Reproduce word for word, from the entries below, the line with "sony camera A6500", the line with "Paint by numbers - Buttercream Roses - MyArt", and every line between them, and nothing more.

(Beginning of Material shown)

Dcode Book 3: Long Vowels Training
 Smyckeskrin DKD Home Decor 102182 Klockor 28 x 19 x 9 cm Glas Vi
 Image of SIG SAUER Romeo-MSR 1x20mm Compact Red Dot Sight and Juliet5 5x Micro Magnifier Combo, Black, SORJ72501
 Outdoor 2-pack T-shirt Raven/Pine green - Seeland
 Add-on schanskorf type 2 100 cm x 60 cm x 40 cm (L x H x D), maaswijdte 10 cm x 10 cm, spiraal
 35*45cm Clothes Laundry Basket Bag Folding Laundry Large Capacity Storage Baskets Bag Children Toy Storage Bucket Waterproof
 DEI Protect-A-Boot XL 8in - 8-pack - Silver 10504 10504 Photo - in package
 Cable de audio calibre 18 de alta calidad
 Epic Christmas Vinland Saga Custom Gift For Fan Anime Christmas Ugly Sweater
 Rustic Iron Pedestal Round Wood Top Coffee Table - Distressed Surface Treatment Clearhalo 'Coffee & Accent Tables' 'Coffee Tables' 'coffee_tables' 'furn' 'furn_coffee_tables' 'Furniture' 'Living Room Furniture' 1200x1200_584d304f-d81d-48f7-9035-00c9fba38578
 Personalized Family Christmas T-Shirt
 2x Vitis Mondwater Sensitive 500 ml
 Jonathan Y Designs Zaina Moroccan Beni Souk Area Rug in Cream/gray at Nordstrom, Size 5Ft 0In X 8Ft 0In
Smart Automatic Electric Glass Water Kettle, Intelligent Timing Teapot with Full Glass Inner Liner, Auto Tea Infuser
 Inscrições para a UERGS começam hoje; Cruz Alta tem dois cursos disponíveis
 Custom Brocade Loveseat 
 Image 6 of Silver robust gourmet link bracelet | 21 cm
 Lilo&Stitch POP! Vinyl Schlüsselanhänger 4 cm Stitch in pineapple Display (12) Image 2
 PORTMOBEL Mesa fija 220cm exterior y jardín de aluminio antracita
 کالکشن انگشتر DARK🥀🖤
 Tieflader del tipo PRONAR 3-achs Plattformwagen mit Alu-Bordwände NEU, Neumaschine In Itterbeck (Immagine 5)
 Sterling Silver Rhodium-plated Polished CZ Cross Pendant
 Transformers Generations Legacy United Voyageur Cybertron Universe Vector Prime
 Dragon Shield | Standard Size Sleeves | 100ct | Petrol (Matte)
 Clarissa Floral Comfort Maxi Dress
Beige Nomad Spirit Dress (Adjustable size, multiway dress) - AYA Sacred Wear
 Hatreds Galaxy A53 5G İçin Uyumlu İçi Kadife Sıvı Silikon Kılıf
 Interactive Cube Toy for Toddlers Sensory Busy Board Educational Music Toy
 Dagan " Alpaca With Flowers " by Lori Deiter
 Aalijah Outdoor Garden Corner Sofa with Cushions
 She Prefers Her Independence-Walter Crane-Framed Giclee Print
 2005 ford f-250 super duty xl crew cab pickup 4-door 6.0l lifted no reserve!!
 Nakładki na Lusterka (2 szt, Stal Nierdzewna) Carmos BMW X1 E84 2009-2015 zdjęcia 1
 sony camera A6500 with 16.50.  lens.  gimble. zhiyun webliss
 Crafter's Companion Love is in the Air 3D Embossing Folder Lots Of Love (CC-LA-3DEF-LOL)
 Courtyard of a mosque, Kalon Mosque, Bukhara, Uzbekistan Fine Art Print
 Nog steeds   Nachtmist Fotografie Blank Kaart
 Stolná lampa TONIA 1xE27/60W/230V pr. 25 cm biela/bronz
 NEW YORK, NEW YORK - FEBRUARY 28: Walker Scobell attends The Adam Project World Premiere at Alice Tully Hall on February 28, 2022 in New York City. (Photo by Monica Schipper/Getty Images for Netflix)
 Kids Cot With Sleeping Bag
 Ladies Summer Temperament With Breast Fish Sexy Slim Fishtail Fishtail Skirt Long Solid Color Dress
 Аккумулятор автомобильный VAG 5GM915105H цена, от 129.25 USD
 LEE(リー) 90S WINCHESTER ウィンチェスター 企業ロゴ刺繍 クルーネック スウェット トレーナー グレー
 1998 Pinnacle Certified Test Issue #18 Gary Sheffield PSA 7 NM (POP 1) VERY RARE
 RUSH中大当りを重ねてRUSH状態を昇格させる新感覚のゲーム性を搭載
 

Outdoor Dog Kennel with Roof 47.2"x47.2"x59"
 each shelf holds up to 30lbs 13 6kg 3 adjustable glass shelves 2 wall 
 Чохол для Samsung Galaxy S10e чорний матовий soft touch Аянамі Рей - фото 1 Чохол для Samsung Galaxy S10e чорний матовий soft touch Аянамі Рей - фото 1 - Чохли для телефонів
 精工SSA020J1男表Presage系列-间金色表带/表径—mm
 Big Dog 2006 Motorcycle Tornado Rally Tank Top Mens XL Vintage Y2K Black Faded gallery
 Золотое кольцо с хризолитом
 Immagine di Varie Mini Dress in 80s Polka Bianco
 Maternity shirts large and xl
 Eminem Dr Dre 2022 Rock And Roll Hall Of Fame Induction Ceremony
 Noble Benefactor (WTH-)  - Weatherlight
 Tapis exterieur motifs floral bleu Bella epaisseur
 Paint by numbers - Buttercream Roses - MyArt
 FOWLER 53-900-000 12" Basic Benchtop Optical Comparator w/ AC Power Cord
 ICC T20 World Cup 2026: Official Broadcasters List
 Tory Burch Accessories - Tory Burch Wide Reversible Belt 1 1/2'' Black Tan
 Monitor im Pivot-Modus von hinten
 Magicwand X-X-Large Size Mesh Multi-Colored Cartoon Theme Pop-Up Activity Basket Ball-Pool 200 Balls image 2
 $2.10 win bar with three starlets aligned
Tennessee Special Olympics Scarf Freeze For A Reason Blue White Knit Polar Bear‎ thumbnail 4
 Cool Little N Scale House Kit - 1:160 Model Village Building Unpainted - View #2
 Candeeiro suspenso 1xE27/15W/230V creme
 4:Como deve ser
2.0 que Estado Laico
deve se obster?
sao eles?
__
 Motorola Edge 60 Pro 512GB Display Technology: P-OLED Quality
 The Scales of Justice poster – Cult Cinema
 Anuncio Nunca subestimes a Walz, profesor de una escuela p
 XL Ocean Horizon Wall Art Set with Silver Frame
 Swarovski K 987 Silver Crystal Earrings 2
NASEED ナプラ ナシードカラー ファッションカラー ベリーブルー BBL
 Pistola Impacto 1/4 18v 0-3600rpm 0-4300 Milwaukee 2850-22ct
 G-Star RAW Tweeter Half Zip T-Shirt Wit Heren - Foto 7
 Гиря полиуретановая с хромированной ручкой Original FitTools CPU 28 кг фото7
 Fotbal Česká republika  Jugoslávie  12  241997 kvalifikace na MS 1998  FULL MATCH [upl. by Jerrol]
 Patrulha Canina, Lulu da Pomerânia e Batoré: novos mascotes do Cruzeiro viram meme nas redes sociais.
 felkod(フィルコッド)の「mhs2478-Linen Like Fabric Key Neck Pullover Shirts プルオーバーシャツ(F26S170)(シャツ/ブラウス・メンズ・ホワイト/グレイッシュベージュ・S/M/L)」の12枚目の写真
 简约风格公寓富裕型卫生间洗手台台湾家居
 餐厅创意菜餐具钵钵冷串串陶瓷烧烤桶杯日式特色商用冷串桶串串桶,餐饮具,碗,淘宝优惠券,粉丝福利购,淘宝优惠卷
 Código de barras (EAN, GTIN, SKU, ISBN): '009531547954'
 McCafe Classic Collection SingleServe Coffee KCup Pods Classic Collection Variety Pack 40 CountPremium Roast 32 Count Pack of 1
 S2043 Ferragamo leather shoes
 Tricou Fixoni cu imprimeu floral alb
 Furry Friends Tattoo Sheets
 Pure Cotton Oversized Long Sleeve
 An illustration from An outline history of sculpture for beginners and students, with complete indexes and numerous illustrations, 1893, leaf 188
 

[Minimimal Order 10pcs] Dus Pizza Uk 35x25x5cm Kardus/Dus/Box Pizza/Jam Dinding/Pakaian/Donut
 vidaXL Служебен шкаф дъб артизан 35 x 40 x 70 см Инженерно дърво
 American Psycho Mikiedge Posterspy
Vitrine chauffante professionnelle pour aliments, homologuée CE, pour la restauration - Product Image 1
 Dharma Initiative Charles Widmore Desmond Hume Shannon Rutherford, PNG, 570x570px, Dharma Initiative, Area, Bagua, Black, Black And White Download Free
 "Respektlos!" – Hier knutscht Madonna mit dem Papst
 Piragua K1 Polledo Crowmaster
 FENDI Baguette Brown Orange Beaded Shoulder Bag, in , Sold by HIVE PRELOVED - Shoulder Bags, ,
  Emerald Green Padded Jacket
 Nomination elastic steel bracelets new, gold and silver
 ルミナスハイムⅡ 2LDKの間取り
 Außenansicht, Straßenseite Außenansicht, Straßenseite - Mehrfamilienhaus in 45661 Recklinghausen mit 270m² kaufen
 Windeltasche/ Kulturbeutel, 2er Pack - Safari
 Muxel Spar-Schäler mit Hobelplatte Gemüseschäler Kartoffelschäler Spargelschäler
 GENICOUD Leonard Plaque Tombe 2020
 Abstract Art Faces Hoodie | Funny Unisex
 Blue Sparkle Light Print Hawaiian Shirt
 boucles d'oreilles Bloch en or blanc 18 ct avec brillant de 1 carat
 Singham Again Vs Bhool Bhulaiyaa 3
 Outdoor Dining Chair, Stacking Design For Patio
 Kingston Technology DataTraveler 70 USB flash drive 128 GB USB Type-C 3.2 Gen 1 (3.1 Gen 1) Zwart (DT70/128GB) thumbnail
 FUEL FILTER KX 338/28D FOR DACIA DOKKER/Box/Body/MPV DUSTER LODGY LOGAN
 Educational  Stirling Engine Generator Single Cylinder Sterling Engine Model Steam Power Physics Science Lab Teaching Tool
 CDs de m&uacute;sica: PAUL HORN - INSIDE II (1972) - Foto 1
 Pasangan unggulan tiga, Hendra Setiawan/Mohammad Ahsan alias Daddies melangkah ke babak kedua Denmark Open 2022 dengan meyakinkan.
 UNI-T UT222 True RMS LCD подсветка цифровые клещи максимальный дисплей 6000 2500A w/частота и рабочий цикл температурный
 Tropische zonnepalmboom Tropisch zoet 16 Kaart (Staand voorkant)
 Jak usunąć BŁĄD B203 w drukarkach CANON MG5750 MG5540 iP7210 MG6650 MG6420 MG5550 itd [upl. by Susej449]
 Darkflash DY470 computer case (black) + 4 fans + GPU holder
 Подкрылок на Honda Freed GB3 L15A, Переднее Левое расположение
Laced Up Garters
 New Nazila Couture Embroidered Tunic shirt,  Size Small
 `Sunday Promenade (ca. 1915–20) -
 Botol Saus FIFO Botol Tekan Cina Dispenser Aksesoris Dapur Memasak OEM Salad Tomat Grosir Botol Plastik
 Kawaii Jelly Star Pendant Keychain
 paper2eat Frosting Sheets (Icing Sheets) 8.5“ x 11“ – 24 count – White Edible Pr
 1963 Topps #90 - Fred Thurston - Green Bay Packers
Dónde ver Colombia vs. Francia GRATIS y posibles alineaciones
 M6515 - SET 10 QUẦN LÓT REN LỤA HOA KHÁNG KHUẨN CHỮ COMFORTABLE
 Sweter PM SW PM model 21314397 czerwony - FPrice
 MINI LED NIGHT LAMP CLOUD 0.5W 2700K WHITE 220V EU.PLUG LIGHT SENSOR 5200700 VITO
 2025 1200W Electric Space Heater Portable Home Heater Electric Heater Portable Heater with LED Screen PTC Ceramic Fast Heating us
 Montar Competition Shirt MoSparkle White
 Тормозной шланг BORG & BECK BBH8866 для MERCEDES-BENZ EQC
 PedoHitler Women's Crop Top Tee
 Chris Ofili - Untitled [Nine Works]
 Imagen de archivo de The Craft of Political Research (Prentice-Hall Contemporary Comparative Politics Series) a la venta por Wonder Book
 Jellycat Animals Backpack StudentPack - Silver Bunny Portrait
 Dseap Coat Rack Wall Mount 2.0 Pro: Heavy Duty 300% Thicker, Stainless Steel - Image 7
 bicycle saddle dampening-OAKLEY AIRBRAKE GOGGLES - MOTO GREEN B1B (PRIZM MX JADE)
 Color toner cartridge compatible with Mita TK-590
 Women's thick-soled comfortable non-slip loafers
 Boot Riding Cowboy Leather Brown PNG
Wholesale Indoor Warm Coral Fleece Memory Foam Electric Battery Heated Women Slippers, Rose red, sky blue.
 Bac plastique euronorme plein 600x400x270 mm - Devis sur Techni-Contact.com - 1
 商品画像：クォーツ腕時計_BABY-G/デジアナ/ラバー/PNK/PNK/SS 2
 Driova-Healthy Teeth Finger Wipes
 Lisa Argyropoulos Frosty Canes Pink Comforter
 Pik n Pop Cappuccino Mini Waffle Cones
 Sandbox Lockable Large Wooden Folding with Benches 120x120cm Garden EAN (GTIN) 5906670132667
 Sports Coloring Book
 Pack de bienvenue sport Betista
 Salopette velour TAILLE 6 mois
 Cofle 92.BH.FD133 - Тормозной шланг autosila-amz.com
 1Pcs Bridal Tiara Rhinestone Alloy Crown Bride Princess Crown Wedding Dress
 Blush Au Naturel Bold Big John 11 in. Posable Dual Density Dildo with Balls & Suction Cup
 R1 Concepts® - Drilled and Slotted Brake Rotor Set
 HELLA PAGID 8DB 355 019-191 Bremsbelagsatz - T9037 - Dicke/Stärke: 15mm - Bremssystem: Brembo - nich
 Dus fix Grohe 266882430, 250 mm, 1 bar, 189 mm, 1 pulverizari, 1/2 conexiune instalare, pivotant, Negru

(End of Material shown)

■ Answer
 sony camera A6500 with 16.50.  lens.  gimble. zhiyun webliss
 Crafter's Companion Love is in the Air 3D Embossing Folder Lots Of Love (CC-LA-3DEF-LOL)
 Courtyard of a mosque, Kalon Mosque, Bukhara, Uzbekistan Fine Art Print
 Nog steeds   Nachtmist Fotografie Blank Kaart
 Stolná lampa TONIA 1xE27/60W/230V pr. 25 cm biela/bronz
 NEW YORK, NEW YORK - FEBRUARY 28: Walker Scobell attends The Adam Project World Premiere at Alice Tully Hall on February 28, 2022 in New York City. (Photo by Monica Schipper/Getty Images for Netflix)
 Kids Cot With Sleeping Bag
 Ladies Summer Temperament With Breast Fish Sexy Slim Fishtail Fishtail Skirt Long Solid Color Dress
 Аккумулятор автомобильный VAG 5GM915105H цена, от 129.25 USD
 LEE(リー) 90S WINCHESTER ウィンチェスター 企業ロゴ刺繍 クルーネック スウェット トレーナー グレー
 1998 Pinnacle Certified Test Issue #18 Gary Sheffield PSA 7 NM (POP 1) VERY RARE
 RUSH中大当りを重ねてRUSH状態を昇格させる新感覚のゲーム性を搭載
 

Outdoor Dog Kennel with Roof 47.2"x47.2"x59"
 each shelf holds up to 30lbs 13 6kg 3 adjustable glass shelves 2 wall 
 Чохол для Samsung Galaxy S10e чорний матовий soft touch Аянамі Рей - фото 1 Чохол для Samsung Galaxy S10e чорний матовий soft touch Аянамі Рей - фото 1 - Чохли для телефонів
 精工SSA020J1男表Presage系列-间金色表带/表径—mm
 Big Dog 2006 Motorcycle Tornado Rally Tank Top Mens XL Vintage Y2K Black Faded gallery
 Золотое кольцо с хризолитом
 Immagine di Varie Mini Dress in 80s Polka Bianco
 Maternity shirts large and xl
 Eminem Dr Dre 2022 Rock And Roll Hall Of Fame Induction Ceremony
 Noble Benefactor (WTH-)  - Weatherlight
 Tapis exterieur motifs floral bleu Bella epaisseur
 Paint by numbers - Buttercream Roses - MyArt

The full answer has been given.